Obblighi Antiriciclaggio e Comunicazioni UIF. Cosa devono fare le Pubbliche Amministrazioni?

Le Pubbliche Amministrazioni sono chiamate a svolgere un ruolo fondamentale nella prevenzione al fenomeno del riciclaggio di denaro e nella missione, ancor più ardua, di contrastare il finanziamento al terrorismo.

Due facce della stessa medaglia che occupano una specifica mission nell’organizzazione delle Pubbliche Amministrazioni fin dal 1991, quando il decreto-legge 3 maggio 1991, n. 143, convertito poi in legge, ha posto a loro carico obblighi di identificazione e di comunicazione.

Evoluzione Normativa e Responsabilità Istituzionale

Il principale riferimento normativo, che rende le PA protagoniste in questo ambito, è rappresentato dall’art. 10 del D.lgs. 231/2007, come da ultimo modificato da D.lgs. 25 maggio 2017, n. 90. Nonostante la previsione normativa, è opportuno rammentare che il contributo che le Pubbliche Amministrazioni hanno riconosciuto al contrasto del riciclaggio e del finanziamento del terrorismo è, per lo più, modesto. Invero, restano ancora valide le parole espresse dal Comitato di Sicurezza Finanziaria secondo le quali: “il settore non ha in generale consapevolezza di un proprio possibile ruolo. È una vulnerabilità non di poco conto se si pensa alla rilevanza del fenomeno della corruzione ovvero alla presenza di ambiti fortemente appetibili per la criminalità (appalti o finanziamenti pubblici)”. 

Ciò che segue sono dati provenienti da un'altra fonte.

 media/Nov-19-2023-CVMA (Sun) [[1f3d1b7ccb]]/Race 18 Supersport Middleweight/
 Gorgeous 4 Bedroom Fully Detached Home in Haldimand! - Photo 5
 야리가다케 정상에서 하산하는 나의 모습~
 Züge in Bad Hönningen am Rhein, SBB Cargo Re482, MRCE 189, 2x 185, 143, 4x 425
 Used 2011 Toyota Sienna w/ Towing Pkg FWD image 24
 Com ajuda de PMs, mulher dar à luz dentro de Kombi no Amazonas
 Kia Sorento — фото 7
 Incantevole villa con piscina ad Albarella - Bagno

La scelta del legislatore nell’identificare le Pubbliche Amministrazioni, come soggetti protagonisti nella lotta a questi fenomeni criminosi, trova fondamento nel fatto che tutti gli uffici pubblici devono, nel loro operato, garantire l’interesse pubblico, secondo appunto interessi costituzionalmente garantiti. Questo rapporto con il mercato rende i procedimenti amministrativi oggetto di attività di gestione di risorse economiche suscettibili di utilizzo a fini illeciti. Si tratta spesso di attività che coinvolgono ingenti somme di denaro (i.e. settore degli appalti pubblici) e come tali appetibili per fenomeni distrattivi ovvero corruttivi. L’azione pubblica, infatti, non deve concorrere, anche involontariamente, ad alterare il fisiologico funzionamento dei circuiti economici. 

Come fa notare la stessa Banca d’Italia, “l’adesione al sistema antiriciclaggio non può consistere in soluzioni meramente formali e burocratiche”. Il vero approccio che dovrebbe essere adottato dalla pluralità di enti pubblici è quello a carattere organizzativo,

nel senso che le procedure interne, le regole e le persone dovrebbero essere effettivamente orientati a finalità di prevenzione del fenomeno.

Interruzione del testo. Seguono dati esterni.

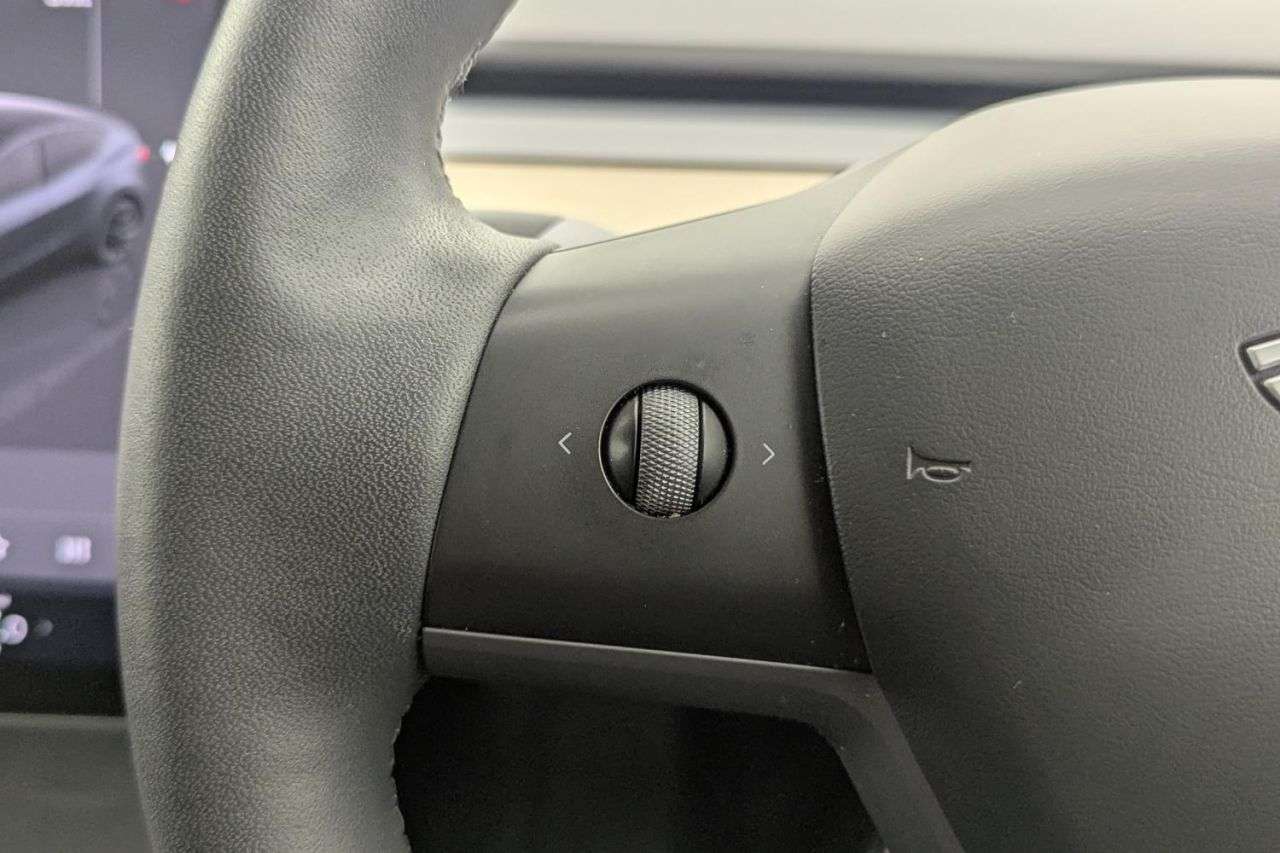 2022 TESLA MODEL Y 2022 TESLA MODEL Y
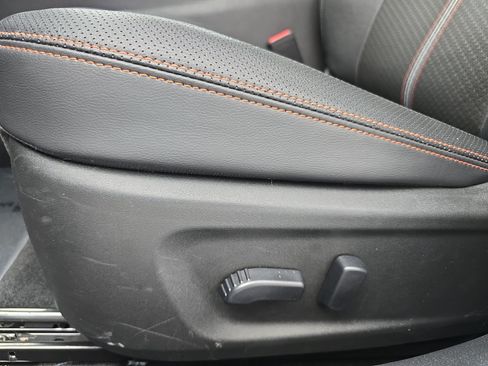 Certified 2025 Nissan Altima 2.5 SR FWD image 27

I comportamenti devono essere di conseguenza misurati, con scale di valutazione di efficienza che portino a dei risultati concreti in termini di trasparenza, responsabilità e reputazione della stessa Pubblica Amministrazione. 

Con il recepimento della IV Direttiva Antiriciclaggio il panorama muta; invero, il perno della nuova legislazione, per ciò che concerne il ruolo della Pubblica Amministrazione nel presidio antiriciclaggio, è il quarto comma dell’art. 10, dove, di fatto gli uffici pubblici ritornano, a quelli che erano gli obblighi previsti nella Legge 197/1991, ovvero a svolgere un ruolo di cooperazione e non più di soggetto obbligato.

Pertanto, le Pubbliche Amministrazioni, seppur coadiuvate da un intervento di operatori privati, attivano un’azione preventiva (cd. Collaborazione attiva), al fine di contrastare tali fenomeni criminosi. Invero, le Pubbliche Amministrazioni devono conoscere la loro clientela (mediante la cd. Adeguata verifica), devono conservare le informazioni acquisite ed inviare, se necessario, comunicazioni all’Unità di Informazione Finanziaria. Le azioni preventive, tuttavia, devono essere sempre seguite da azioni di carattere repressivo, che trovano il loro fondamento nelle norme penali. 

Invero, dalla lettura del quarto comma dell’art. 10, si evince come le Pubbliche amministrazioni non siano più tenute all’invio di segnalazioni di operazioni sospette, così come veniva ben indicato nel “vecchio” D.lgs. 231/2007, ma devono, con una scelta legislativa precisa, comunicare all’UIF i dati e le informazioni “concernenti le operazioni sospette di cui vengano a conoscenza nell’esercizio della propria attività istituzionale” (cd. Cos).

Da precisare che anche la sanzione prevista è differente: qualora infatti la Pubblica Amministrazione non provvedesse ad eseguire le dovute comunicazioni alla UIF non sono più previste sanzioni amministrative bensì l’applicazione di responsabilità dirigenziali ex art. 21 del Decreto Legislativo 30 marzo 2001, n. 165.

Nonostante i limiti della normativa ora vigente, che individua a differenza del passato un ambito eccessivamente ristretto di uffici interessati, la PA rappresenta potenzialmente un osservatorio privilegiato per intercettare i contesti più rischiosi e per prevenire le infiltrazioni della criminalità organizzata nel tessuto socioeconomico nazionale.  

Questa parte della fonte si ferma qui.